FRANKFURT (Reuters) -- German truckmaker MAN, which hopes to merge with Swedish rival Scania, reported operating profit in the first quarter grew by half and hiked its 2007 earnings forecast.
Operating profit jumped 51 percent to 318 million euros ($433.8 million), the company said today, far better than an average estimate of 276 million euros from a Reuters poll of 18 analysts.
Net profit also rose by half to 228 million.
After previously targeting an operating margin of 9.0 percent, MAN now expects full-year profitability to match the first-quarter level of 9.6 percent, it said in a statement.
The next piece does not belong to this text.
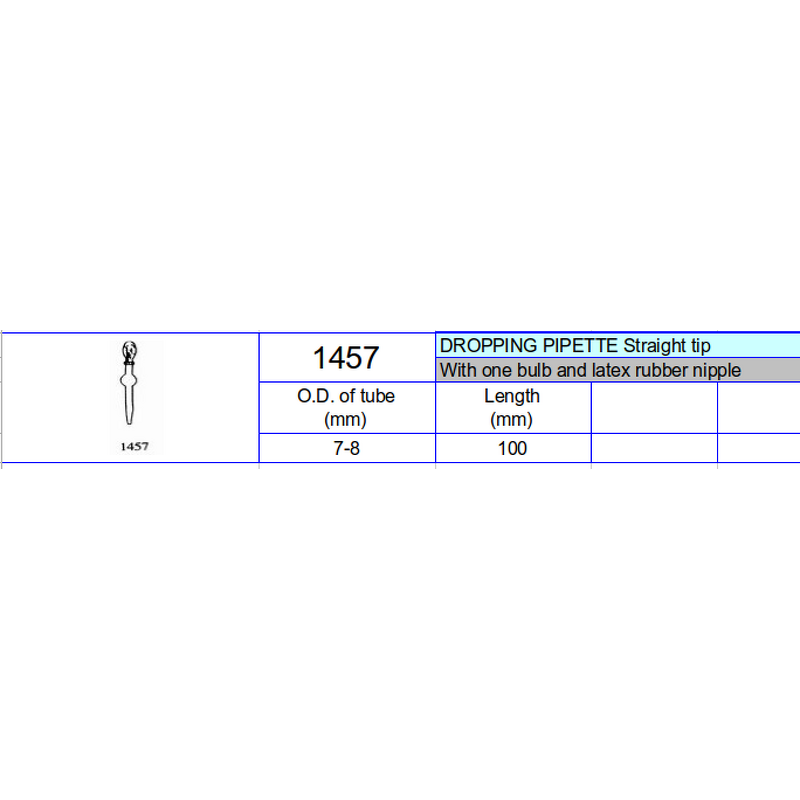 Dropping Pipette Manufacturer - No.1457 100mm Straight Tip with Bulb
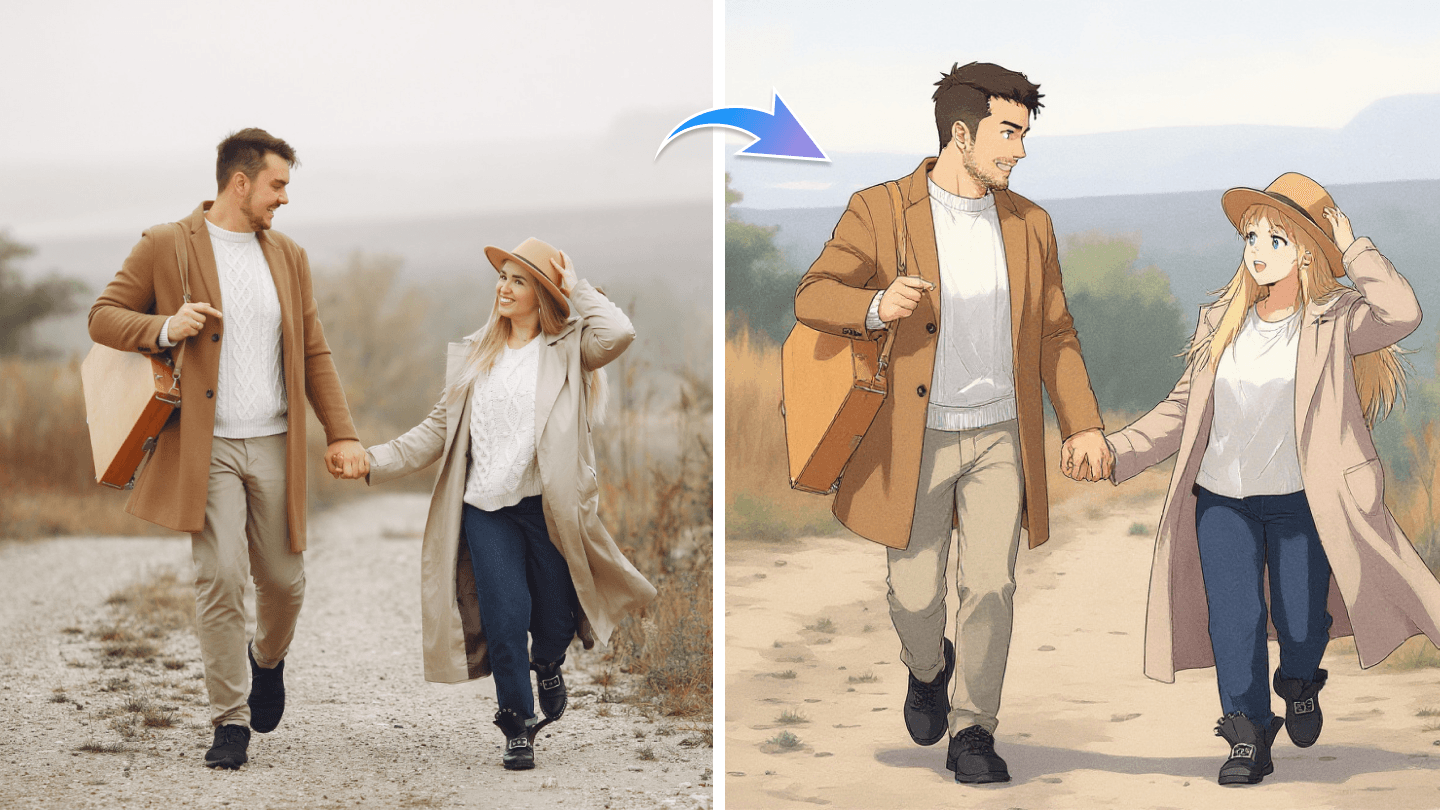 Esempio dell'output del convertitore di foto in anime di alta qualità.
Revenue at the industrial conglomerate jumped 15 percent to 3.3 billion euros while order intake gained nearly a quarter to 4.8 billion.
MAN also raised its turnover target to an increase of around 10 percent and forecast orders would not decline but rather stabilize at around last year's level of 16.6 billion euros.
The Munich-based firm scrapped a hostile 10 billion euro cash and stock bid for Scania in January but continues to harbor hopes that joint large shareholder Volkswagen will push hard enough for a three-way merger of their truck operations that Scania's resistance could buckle.
Although MAN has since repeated its interest in a friendly merger, Scania has shown little public interest in deepening ties and the Swedish company's protective shareholder Investor has done little to prod it along.
Scania reported a 42 percent gain in first quarter pretax profit, easily beating market expectations, and forecast truck demand would remain strong in Europe through 2007.
Investors are now paying nearly 40 percent more for the shares in all three major European truckmakers including Volvo versus the value seen on Jan. 23, when MAN withdrew the offer for Scania.